Soft matter QCs are often dodecagonal in two dimensions (2D) and icosahedral in three dimensions (3D). QCs have been found in nanoparticle [23] and polymeric [24–28] soft matter systems. Our earlier work [18] shows that QCs can be in thermodynamic coexistence with the liquid, suggesting the possibility of finding spatially localized QCs [29]. Of course, a localized structure cannot, strictly speaking, be a QC. In the following we use this terminology to refer to localized structures that have the dodecagonal or icosahedral symmetry of a QC, but do not fill the domain completely. Such states can be thermodynamically stable, metastable or unstable. In this paper, we show that spatially localized QCs not only exist but can be thermodynamically metastable. These metastable spatially localized QCs come in a variety of sizes, which change continuously from one to another, via unstable states, when one of the system parameters varies.

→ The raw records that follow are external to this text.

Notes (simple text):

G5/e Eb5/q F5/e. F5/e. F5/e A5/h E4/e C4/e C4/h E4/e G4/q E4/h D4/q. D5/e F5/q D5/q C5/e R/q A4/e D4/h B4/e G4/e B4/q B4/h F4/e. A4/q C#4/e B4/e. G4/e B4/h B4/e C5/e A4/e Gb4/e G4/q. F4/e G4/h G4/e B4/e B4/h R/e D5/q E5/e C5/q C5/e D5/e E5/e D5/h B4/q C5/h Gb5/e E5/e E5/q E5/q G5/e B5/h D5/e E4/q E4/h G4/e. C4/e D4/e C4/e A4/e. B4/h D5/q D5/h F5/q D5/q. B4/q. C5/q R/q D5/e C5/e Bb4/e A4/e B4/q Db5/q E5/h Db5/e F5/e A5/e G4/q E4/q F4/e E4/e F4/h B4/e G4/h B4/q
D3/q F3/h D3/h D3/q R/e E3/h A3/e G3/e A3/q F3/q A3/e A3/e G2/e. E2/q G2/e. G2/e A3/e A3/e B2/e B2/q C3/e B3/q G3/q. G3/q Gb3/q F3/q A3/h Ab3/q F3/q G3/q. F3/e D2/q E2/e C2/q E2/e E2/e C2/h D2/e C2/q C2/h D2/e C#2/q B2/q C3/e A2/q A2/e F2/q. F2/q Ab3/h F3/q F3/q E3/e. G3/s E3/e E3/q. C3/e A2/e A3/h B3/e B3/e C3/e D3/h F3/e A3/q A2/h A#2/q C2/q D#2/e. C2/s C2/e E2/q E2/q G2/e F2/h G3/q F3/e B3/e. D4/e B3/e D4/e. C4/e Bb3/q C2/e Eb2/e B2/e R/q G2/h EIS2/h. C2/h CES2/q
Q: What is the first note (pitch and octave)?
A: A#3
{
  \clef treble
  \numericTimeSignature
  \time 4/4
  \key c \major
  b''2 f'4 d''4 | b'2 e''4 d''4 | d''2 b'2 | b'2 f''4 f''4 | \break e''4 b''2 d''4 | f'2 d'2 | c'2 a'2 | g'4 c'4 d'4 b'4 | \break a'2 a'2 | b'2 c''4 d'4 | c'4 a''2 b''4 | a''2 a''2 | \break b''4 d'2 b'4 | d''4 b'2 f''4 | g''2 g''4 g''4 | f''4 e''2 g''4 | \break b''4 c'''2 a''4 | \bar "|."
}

The relative simplicity of the PFC approach means that it is increasingly widely used to model systems in which more precise treatments are difficult or impossible, for example, liquid–solid transitions, colloid patterning and liquid crystals (see [1] and references therein). In adopting a PFC model, we make a simplification of the physics of dendrimer interactions. As a result, our model provides a generic description of the crystallization of soft matter into QCs, but no comparison can be made with any specific material. Nonetheless, the results in our work provide a proof of concept, focusing on the most important aspects in the problem, namely the interaction of density modulations on two length scales and thermodynamic coexistence of QCs with the liquid. Moreover, the simplicity of the model implies that it may be considered to be a generic model for pattern formation in systems with two length scales, an energy (or free energy) minimization principle and conserved dynamics.

The PFC model is a theory for a scalar density-like order parameter $U({\boldsymbol{x}})$ with grand potential (Landau free energy) functional ${\rm{\Omega }}[U({\boldsymbol{x}})]$. Minimizers of ${\rm{\Omega }}[U({\boldsymbol{x}})]$ with nonconstant $U({\boldsymbol{x}})$ are identified with the solid phase, while those with constant $U({\boldsymbol{x}})$ correspond to the liquid phase. The simplest PFC model takes the form of the conserved Swift–Hohenberg equation and the steady states of this model have been studied in detail in 1D, 2D and 3D [30]. The model exhibits coexistence between the liquid state and various crystalline states over a range of temperatures [1, 14]. In this regime one also finds thermodynamic equilibria corresponding to spatially localized structures that bifurcate from the periodic crystal, and exhibit homoclinic snaking [29–31]. Suitably modified to allow interaction between two different spatial scales [18, 32] the PFC model also forms spatially extended QCs. Both dodecagonal QCs in 2D [32] and icosahedral QCs in 3D [18] have been identified and these can be thermodynamically stable under appropriate conditions, that is, at these state points, they are global minima of the grand potential free energy Ω. In contrast, the localized QCs that we have found are only metastable, i.e. they correspond to local minima of Ω. Note that throughout this work, we do not refer to the localized QCs that we find as either 'grains' or 'clusters', since this word is associated with various different meanings in the context of QCs. For further discussion on this point, see the appendix. Instead, we use the word 'motif' to refer to the aperiodically repeating local arrangements of density peaks observed in our QCs.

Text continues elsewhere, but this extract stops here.